-- Work to be completed --
Leave every picture out and write out the records below exactly.

-- Opening Marker --

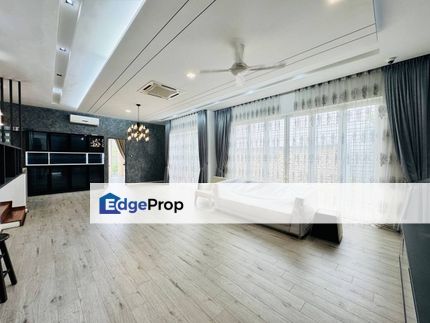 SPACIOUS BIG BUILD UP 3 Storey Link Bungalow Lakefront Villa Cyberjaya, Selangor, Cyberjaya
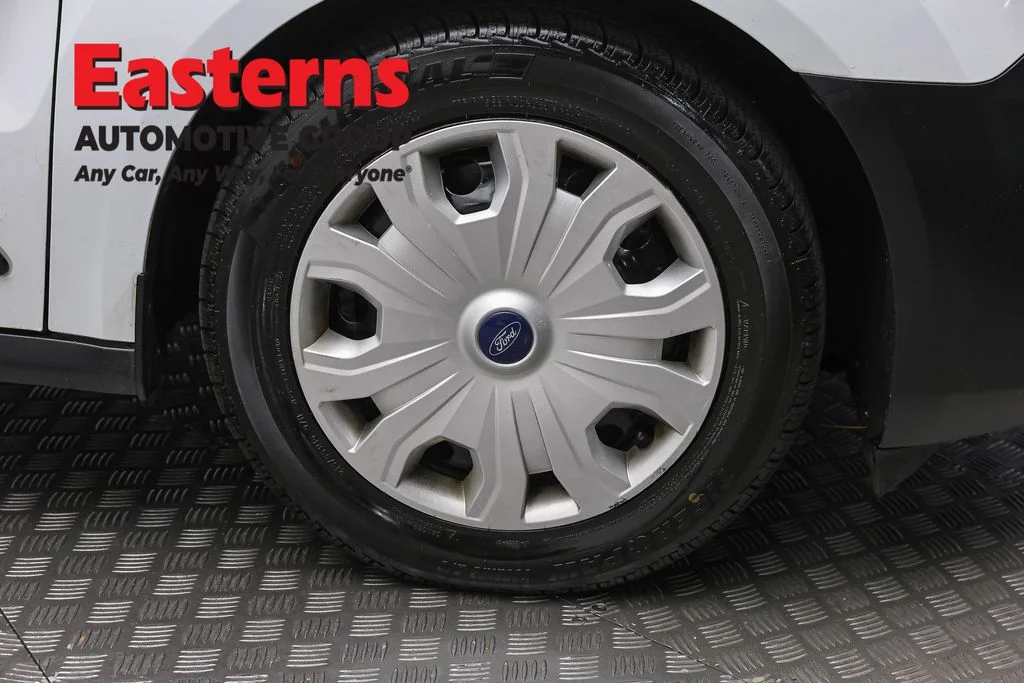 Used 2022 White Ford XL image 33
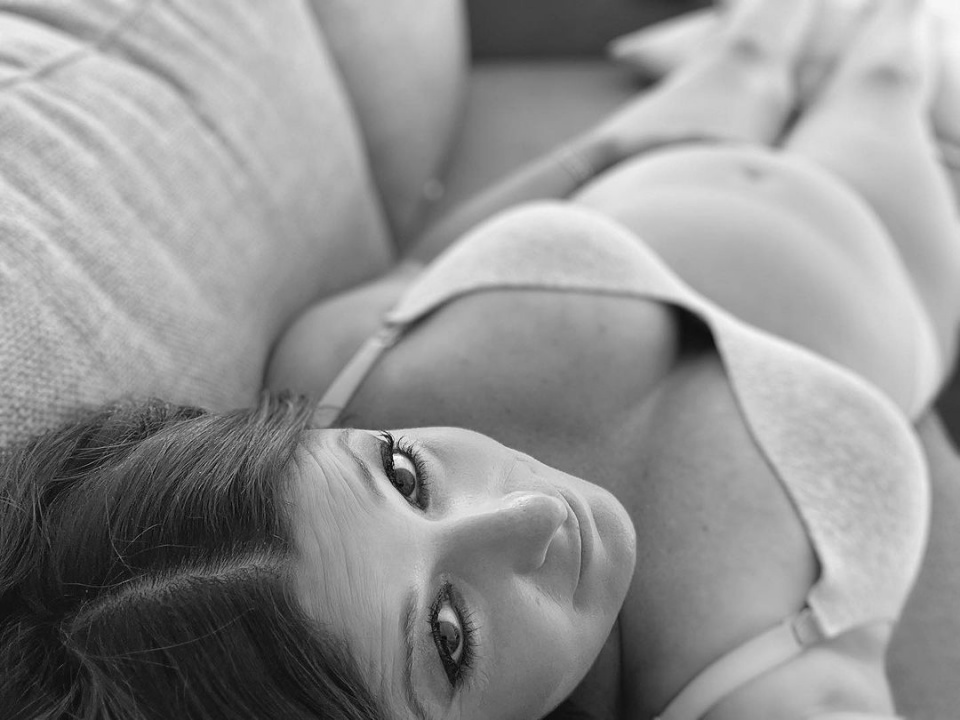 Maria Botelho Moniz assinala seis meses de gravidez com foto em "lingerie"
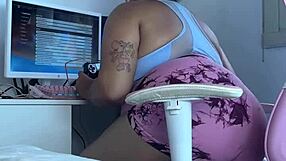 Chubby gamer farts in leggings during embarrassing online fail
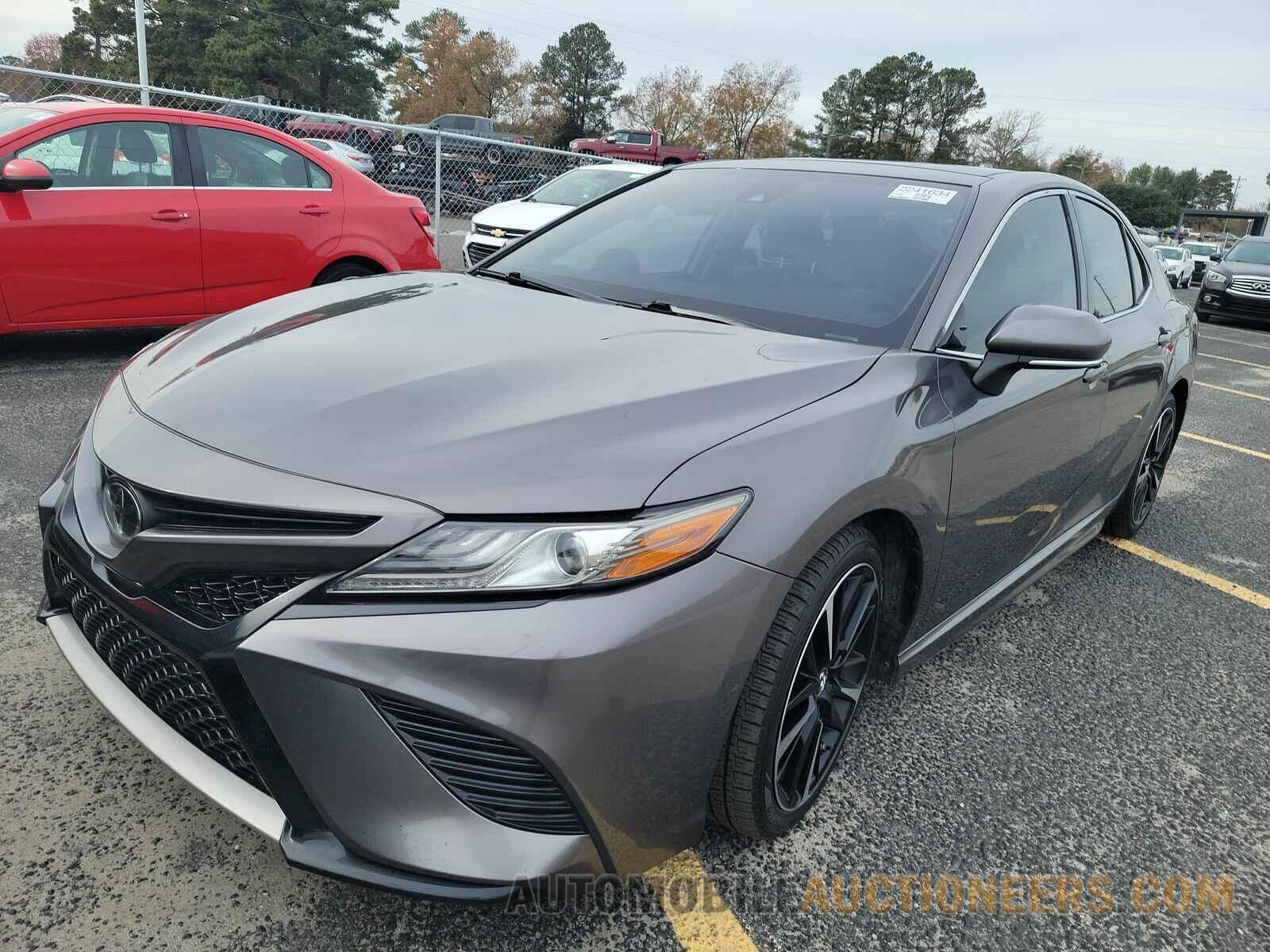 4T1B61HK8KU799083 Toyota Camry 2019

-- Closing Marker --

-- Exercise output --
 SPACIOUS BIG BUILD UP 3 Storey Link Bungalow Lakefront Villa Cyberjaya, Selangor, Cyberjaya
 Used 2022 White Ford XL image 33
 Maria Botelho Moniz assinala seis meses de gravidez com foto em "lingerie"
 Chubby gamer farts in leggings during embarrassing online fail
 4T1B61HK8KU799083 Toyota Camry 2019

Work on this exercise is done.